* AIM OF THE EXERCISE *
Begin at the line with "Ziua indragostitilor &" and set down each line exactly until the listing ends. Images stay out.

* AVAILABLE DATA *
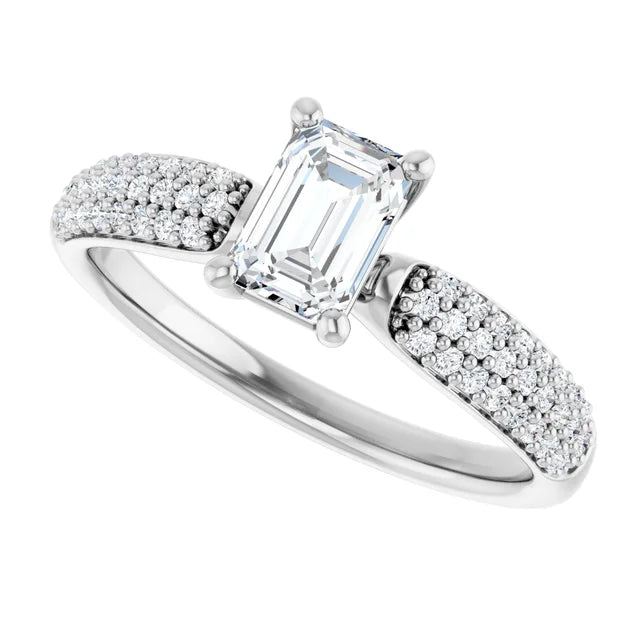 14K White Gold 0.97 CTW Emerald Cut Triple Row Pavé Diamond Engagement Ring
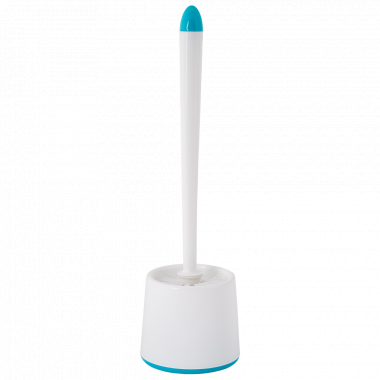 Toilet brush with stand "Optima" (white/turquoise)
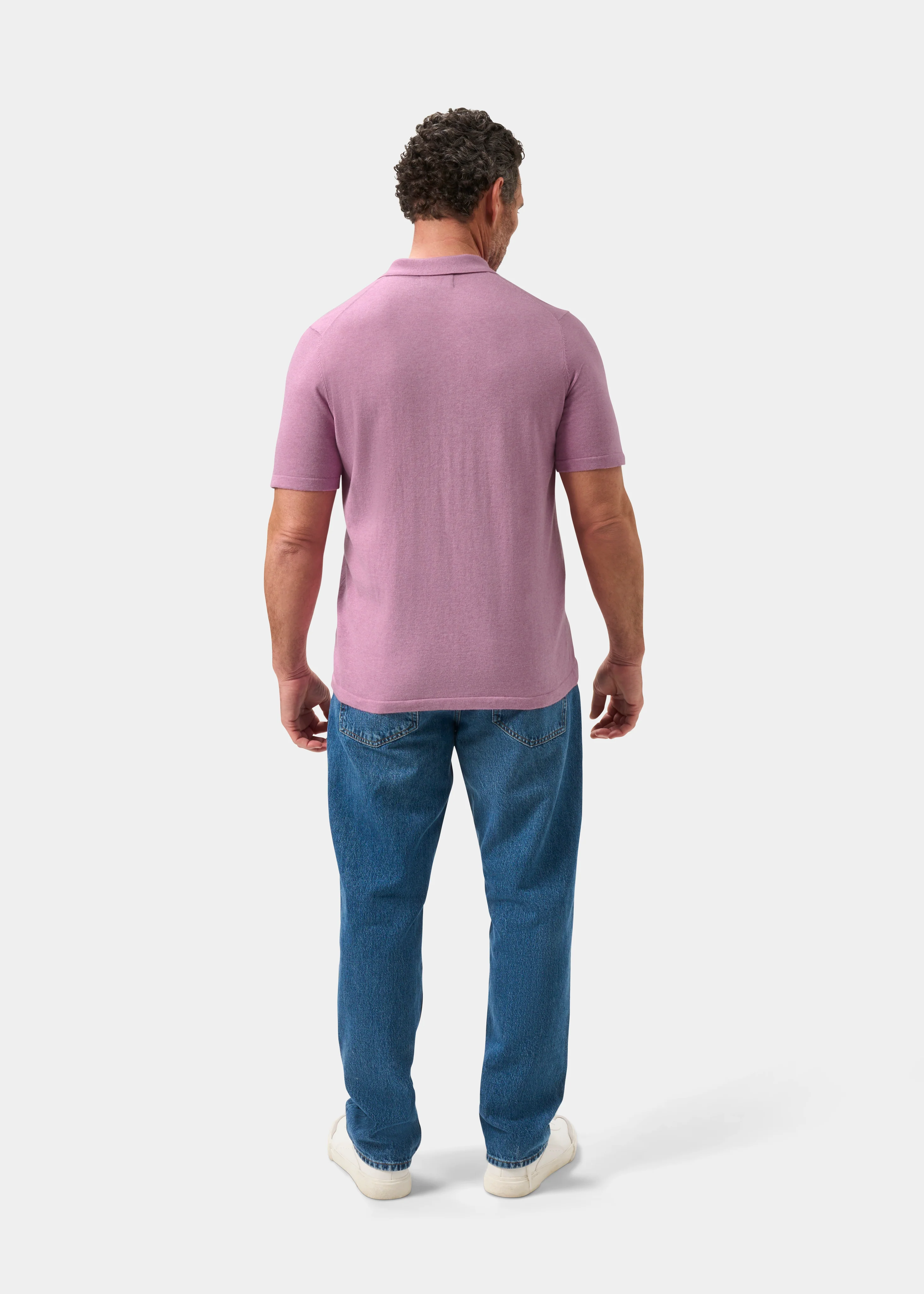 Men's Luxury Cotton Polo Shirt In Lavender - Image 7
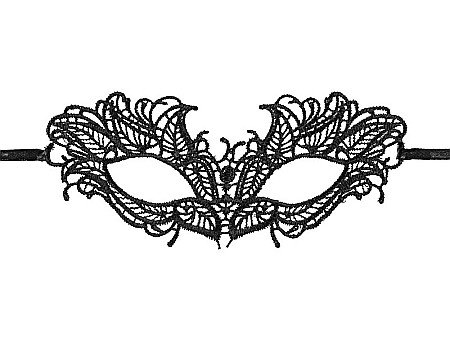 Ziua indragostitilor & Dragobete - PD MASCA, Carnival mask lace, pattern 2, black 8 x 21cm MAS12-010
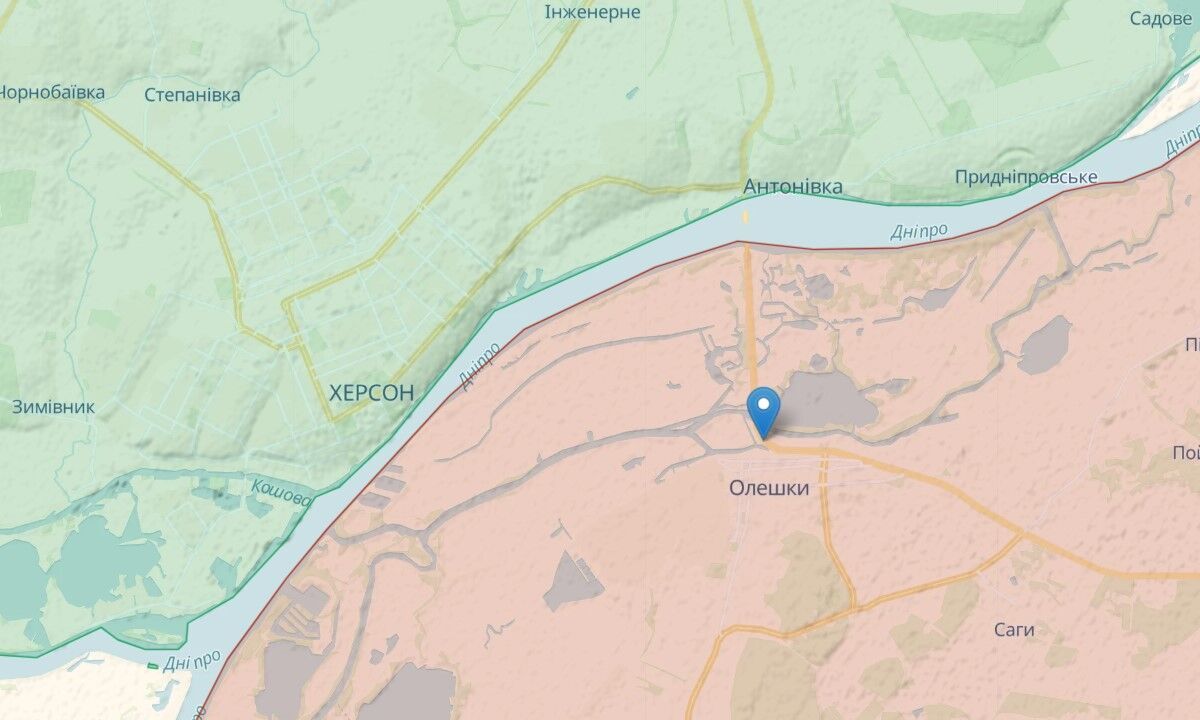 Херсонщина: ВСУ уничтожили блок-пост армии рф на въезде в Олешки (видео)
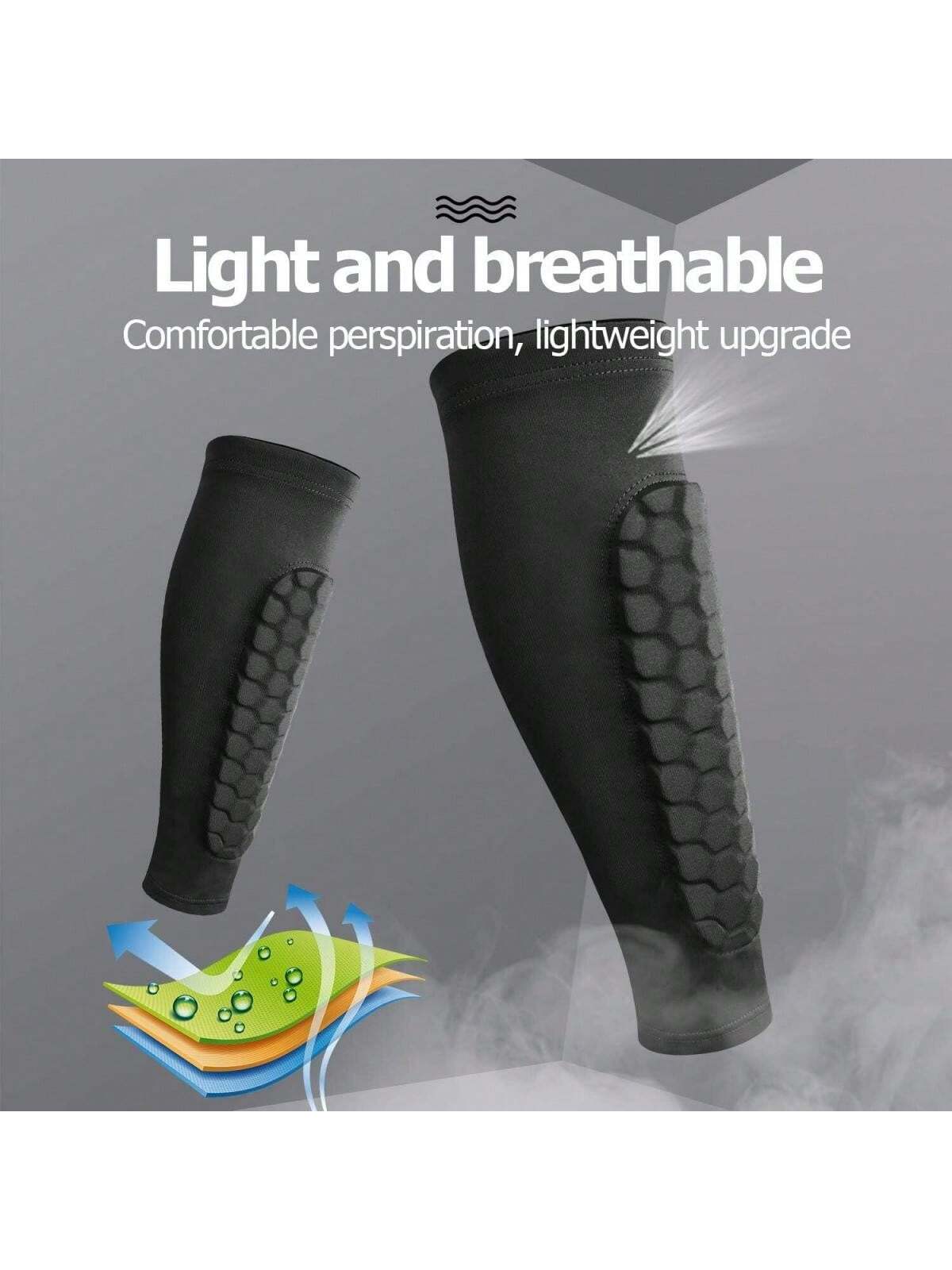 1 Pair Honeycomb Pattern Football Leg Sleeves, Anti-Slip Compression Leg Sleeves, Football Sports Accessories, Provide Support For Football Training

* WRITTEN ANSWER *
 Ziua indragostitilor & Dragobete - PD MASCA, Carnival mask lace, pattern 2, black 8 x 21cm MAS12-010
 Херсонщина: ВСУ уничтожили блок-пост армии рф на въезде в Олешки (видео)
 1 Pair Honeycomb Pattern Football Leg Sleeves, Anti-Slip Compression Leg Sleeves, Football Sports Accessories, Provide Support For Football Training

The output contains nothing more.